The ability to imply structure to the data at the time of use refers to the fact that Big Data systems using the Hadoop set of technologies have the ability to add a structure at the time of use. Thus, you don’t need to pre-define a structure as we do in the world of relational data, you can map a structure to existing data.
While this has certain advantages, such as the ability to create dynamic structure around in-line analytical services, this also causes some complexity when dealing with data integration technology. Most data integration technology leverages some type of structure on either end of the integration flow. The idea is that you need to layer a structure as the data is consumed, translated, and produced from one system or data store to another.
The ability to store both structured and unstructured data, as related to the layering in a dynamic structure, brings both complexity and flexibility. Big Data systems are basically file systems with anything and everything stored in them. This means that documents, text, and data are all intermingled. This information may be bound to a structure, or freestanding.

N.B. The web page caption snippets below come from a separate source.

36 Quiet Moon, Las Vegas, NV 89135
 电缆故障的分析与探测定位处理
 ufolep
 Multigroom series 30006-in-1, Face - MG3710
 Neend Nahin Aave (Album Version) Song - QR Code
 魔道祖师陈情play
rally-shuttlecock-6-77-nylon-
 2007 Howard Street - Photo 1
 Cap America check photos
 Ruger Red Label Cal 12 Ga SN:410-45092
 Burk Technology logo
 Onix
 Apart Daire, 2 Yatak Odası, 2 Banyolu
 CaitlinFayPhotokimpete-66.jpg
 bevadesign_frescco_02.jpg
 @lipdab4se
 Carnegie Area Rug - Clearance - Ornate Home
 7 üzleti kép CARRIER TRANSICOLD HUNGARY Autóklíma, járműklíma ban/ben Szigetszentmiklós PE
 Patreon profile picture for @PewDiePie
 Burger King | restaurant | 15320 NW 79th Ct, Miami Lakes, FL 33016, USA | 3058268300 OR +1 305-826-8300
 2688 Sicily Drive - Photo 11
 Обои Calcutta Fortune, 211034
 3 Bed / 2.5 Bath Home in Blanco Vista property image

In any event, you need to provide the ability to move both structured and unstructured data from store to store.
The need for faster data integration technology is a result of the fact that we deal with much larger volumes of data than more traditional enterprise systems. Therefore, there is more data that has to be moved from data store to data store. Thus, there is a renewed focus on data integration technology’s ability to keep up with the data integration performance requirements.
In many respects, the ability to create a data integration solution that is able to move larger volumes of structured and unstructured data between data stores is dependent upon the way you’ve designed the data integration flows, as much as the data integration technology itself. As Big Data systems move into your enterprise, and you join them together using data integration technology, you’ll find that the patterns of the integration flows need to change as well. Before these systems are put into production, it’s a good idea to review what needs to change and best practices around the design of the integration flows.
Big Data is more of an evolution around the way we store and deal with data. It provides more primitive commodity mechanisms that provide more flexibility and the ability to deal with larger amounts of data using highly distributed data management technology. Data integration technology needs to adapt to this change, which is further reaching than anything we’ve seen of late.